By analyzing existing cross correlation between Rio Tinto ADR and Arq Inc, you can compare the effects of market volatilities on Rio Tinto and Arq and check how they will diversify away market risk if combined in the same portfolio for a given time horizon. You can also utilize pair trading strategies of matching a long position in Rio Tinto with a short position of Arq. Check out your portfolio center. Please also check ongoing floating volatility patterns of Rio Tinto and Arq.

Diversification Opportunities for Rio Tinto and Arq

0.52
  Correlation Coefficient

Very weak diversification

The 3 months correlation between Rio and Arq is 0.52. Overlapping area represents the amount of risk that can be diversified away by holding Rio Tinto ADR and Arq Inc in the same portfolio, assuming nothing else is changed. The correlation between historical prices or returns on Arq Inc and Rio Tinto is a relative statistical measure of the degree to which these equity instruments tend to move together. The correlation coefficient measures the extent to which returns on Rio Tinto ADR are associated (or correlated) with Arq. Values of the correlation coefficient range from -1 to +1, where. The correlation of zero (0) is possible when the price movement of Arq Inc has no effect on the direction of Rio Tinto i.e., Rio Tinto and Arq go up and down completely randomly.

Pair Corralation between Rio Tinto and Arq

Considering the 90-day investment horizon Rio Tinto is expected to generate 11.47 times less return on investment than Arq. But when comparing it to its historical volatility, Rio Tinto ADR is 5.94 times less risky than Arq. It trades about 0.13 of its potential returns per unit of risk. Arq Inc is currently generating about 0.25 of returns per unit of risk over similar time horizon. If you would invest  381.00  in Arq Inc on March 2, 2025 and sell it today you would earn a total of  128.00  from holding Arq Inc or generate 33.6% return on investment over 90 days.
Time Period3 Months [change]
DirectionMoves Together 
StrengthWeak
Accuracy100.0%
ValuesDaily Returns

Rio Tinto ADR  vs.  Arq Inc

 Performance 
       Timeline  
Rio Tinto ADR 

Risk-Adjusted Performance

Weak

 
Weak
 
Strong
Compared to the overall equity markets, risk-adjusted returns on investments in Rio Tinto ADR are ranked lower than 2 (%) of all global equities and portfolios over the last 90 days. In spite of very healthy forward indicators, Rio Tinto is not utilizing all of its potentials. The latest stock price disarray, may contribute to short-term losses for the investors.
Arq Inc 

Risk-Adjusted Performance

Weak

 
Weak
 
Strong
Compared to the overall equity markets, risk-adjusted returns on investments in Arq Inc are ranked lower than 2 (%) of all global equities and portfolios over the last 90 days. Even with relatively weak basic indicators, Arq may actually be approaching a critical reversion point that can send shares even higher in July 2025.
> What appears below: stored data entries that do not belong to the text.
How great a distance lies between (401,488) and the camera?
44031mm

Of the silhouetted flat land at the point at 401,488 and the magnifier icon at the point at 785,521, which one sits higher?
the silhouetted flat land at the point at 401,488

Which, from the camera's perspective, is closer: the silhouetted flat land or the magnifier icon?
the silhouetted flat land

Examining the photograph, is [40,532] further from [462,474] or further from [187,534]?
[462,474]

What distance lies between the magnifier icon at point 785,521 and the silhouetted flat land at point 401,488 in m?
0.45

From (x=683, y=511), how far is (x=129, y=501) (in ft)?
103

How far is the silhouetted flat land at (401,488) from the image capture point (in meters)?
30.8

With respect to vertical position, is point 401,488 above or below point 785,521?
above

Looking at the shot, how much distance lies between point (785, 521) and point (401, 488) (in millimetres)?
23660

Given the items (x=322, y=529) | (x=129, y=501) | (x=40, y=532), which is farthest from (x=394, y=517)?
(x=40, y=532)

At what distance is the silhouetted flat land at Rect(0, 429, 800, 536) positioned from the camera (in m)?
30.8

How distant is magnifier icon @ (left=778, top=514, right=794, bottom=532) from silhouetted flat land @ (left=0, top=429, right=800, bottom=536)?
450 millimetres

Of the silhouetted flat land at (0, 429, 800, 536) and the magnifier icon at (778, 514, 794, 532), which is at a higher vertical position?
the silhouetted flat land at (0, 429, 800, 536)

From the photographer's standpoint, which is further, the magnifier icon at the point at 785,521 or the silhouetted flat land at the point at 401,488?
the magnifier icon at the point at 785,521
Rio Tinto and Arq Volatility Contrast

   Predicted Return Density   
       Returns  

Pair Trading with Rio Tinto and Arq

The main advantage of trading using opposite Rio Tinto and Arq positions is that it hedges away some unsystematic risk. Because of two separate transactions, even if Rio Tinto position performs unexpectedly, Arq can make up some of the losses. Pair trading also minimizes risk from directional movements in the market. For example, if an entire industry or sector drops because of unexpected headlines, the short position in Arq will offset losses from the drop in Arq's long position.
The idea behind Rio Tinto ADR and Arq Inc pairs trading is to make the combined position market-neutral, meaning the overall market's direction will not affect its win or loss (or potential downside or upside). This can be achieved by designing a pairs trade with two highly correlated stocks or equities that operate in a similar space or sector, making it possible to obtain profits through simple and relatively low-risk investment.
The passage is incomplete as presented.